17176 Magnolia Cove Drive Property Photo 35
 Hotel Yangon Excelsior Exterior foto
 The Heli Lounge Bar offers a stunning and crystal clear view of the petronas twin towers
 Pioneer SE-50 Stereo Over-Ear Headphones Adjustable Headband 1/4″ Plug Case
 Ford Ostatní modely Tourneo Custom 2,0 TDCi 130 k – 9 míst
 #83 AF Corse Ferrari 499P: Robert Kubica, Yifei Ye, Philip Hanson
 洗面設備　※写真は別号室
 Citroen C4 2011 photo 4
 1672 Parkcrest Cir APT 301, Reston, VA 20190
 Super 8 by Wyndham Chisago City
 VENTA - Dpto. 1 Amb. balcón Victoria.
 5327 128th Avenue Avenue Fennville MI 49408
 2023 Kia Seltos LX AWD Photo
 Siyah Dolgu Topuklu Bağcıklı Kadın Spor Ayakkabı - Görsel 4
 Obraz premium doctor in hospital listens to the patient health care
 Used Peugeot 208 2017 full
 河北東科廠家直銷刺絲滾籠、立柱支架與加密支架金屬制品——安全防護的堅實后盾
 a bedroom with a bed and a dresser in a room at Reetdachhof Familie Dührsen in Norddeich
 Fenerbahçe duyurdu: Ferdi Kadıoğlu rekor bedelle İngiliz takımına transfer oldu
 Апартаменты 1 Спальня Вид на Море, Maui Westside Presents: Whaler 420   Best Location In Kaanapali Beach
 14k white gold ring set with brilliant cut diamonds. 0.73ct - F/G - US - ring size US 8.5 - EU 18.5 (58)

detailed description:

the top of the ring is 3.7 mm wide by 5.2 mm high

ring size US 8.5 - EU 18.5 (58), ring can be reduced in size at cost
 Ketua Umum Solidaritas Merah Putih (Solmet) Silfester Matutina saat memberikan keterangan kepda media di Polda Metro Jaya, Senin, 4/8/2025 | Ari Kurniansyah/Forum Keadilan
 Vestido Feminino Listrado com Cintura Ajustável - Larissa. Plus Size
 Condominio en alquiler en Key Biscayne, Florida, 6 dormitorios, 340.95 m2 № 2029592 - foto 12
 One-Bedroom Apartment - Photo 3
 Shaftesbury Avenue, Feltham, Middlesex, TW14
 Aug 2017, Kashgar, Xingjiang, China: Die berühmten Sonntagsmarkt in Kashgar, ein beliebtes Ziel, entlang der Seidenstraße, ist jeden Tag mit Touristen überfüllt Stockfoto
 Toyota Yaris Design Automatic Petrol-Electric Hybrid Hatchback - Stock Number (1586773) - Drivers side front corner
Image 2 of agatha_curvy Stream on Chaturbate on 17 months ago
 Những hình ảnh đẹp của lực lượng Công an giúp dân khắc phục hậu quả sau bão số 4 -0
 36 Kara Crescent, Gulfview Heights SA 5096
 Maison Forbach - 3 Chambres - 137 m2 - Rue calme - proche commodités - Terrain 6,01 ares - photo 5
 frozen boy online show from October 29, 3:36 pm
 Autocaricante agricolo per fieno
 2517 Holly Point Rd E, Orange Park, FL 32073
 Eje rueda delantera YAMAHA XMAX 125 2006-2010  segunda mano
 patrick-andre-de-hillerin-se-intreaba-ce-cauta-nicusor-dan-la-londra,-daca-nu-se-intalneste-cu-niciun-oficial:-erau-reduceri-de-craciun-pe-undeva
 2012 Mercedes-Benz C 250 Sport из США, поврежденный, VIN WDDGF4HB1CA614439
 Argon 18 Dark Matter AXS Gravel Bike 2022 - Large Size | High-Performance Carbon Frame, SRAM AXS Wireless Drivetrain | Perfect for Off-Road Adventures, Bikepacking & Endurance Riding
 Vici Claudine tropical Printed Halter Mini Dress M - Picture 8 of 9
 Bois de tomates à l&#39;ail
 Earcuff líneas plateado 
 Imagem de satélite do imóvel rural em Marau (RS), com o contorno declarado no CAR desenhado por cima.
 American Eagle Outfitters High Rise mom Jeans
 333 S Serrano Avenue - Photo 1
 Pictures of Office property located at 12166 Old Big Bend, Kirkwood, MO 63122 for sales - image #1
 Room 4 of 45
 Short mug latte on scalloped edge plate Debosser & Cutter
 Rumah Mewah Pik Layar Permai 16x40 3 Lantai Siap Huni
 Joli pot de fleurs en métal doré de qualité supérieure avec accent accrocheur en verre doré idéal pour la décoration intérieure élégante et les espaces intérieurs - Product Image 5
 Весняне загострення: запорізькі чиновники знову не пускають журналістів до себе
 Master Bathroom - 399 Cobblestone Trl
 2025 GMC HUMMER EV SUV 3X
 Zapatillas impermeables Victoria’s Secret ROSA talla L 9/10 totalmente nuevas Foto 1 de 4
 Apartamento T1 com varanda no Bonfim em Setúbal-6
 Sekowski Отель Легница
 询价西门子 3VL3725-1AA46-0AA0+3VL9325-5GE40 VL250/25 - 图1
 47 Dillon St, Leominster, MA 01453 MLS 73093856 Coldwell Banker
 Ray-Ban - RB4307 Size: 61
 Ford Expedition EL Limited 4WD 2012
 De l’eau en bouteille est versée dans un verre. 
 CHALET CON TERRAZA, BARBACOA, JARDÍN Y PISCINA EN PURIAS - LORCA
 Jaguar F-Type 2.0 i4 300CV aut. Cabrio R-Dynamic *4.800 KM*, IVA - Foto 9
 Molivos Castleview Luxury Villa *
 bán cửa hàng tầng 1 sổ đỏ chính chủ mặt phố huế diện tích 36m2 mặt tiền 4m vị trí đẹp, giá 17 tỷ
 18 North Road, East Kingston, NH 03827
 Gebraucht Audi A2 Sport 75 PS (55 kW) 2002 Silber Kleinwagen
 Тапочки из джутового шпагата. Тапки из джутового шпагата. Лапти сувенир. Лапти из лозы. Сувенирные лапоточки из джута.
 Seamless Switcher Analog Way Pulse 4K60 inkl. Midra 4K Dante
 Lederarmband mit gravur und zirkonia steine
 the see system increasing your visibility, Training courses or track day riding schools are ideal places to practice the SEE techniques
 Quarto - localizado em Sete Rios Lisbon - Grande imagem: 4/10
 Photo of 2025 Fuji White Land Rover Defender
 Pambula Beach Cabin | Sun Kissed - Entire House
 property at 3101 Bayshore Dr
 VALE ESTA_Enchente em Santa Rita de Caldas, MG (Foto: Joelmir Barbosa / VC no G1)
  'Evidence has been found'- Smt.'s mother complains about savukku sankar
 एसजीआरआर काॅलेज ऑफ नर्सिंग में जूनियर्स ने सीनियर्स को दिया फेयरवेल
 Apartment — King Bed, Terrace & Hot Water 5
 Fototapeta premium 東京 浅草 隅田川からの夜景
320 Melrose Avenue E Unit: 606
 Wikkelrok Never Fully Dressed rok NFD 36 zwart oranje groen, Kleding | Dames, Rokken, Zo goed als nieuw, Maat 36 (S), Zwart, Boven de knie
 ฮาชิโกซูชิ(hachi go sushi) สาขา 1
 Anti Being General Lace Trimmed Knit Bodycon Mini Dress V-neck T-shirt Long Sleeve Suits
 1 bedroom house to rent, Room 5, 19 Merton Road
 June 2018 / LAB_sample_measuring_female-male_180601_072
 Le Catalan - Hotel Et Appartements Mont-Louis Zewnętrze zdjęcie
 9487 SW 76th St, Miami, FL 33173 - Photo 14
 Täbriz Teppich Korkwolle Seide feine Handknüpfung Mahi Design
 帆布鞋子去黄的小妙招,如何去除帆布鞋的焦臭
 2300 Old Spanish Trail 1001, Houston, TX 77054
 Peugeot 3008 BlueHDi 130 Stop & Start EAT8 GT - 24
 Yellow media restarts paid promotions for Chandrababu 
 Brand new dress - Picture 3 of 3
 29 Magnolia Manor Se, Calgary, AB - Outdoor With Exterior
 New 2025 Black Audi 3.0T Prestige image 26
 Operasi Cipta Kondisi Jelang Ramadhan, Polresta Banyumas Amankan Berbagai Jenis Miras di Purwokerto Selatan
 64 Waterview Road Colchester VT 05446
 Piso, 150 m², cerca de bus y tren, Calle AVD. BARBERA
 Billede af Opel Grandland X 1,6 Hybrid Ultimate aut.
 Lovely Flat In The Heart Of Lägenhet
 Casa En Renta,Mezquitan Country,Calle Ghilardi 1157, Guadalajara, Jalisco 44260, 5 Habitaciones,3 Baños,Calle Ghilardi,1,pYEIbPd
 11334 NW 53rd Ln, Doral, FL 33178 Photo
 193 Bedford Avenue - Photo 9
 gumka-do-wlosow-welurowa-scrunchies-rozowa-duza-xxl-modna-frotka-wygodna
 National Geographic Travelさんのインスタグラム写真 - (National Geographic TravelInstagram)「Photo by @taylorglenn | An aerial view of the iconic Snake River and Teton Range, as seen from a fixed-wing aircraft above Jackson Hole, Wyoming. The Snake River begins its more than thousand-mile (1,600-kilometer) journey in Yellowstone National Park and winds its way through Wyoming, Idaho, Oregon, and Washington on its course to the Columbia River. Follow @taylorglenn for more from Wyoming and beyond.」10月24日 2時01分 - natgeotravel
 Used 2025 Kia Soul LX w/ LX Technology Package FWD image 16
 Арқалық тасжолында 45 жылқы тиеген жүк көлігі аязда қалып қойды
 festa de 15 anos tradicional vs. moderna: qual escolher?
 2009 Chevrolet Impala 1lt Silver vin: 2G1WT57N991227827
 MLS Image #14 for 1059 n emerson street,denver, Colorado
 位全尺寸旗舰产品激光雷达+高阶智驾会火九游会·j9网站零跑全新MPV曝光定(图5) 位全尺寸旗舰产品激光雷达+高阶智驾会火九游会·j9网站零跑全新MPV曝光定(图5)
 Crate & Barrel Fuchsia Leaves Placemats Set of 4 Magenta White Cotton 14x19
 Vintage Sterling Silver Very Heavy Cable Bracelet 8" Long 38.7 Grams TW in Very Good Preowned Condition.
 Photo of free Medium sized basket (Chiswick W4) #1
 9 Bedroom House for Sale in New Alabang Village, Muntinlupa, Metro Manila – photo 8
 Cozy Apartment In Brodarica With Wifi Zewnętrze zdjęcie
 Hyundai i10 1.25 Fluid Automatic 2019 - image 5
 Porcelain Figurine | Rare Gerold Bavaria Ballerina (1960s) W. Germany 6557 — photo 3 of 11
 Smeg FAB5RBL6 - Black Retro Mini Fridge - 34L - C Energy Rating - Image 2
● ● ● ● ●
### ACTIVITY
Using the records above, restate word for word the lines from the one with "Quarto - localizado" through the one with "June 2018 /", both included.

### TASK OUTPUT
 Quarto - localizado em Sete Rios Lisbon - Grande imagem: 4/10
 Photo of 2025 Fuji White Land Rover Defender
 Pambula Beach Cabin | Sun Kissed - Entire House
 property at 3101 Bayshore Dr
 VALE ESTA_Enchente em Santa Rita de Caldas, MG (Foto: Joelmir Barbosa / VC no G1)
  'Evidence has been found'- Smt.'s mother complains about savukku sankar
 एसजीआरआर काॅलेज ऑफ नर्सिंग में जूनियर्स ने सीनियर्स को दिया फेयरवेल
 Apartment — King Bed, Terrace & Hot Water 5
 Fototapeta premium 東京 浅草 隅田川からの夜景
320 Melrose Avenue E Unit: 606
 Wikkelrok Never Fully Dressed rok NFD 36 zwart oranje groen, Kleding | Dames, Rokken, Zo goed als nieuw, Maat 36 (S), Zwart, Boven de knie
 ฮาชิโกซูชิ(hachi go sushi) สาขา 1
 Anti Being General Lace Trimmed Knit Bodycon Mini Dress V-neck T-shirt Long Sleeve Suits
 1 bedroom house to rent, Room 5, 19 Merton Road
 June 2018 / LAB_sample_measuring_female-male_180601_072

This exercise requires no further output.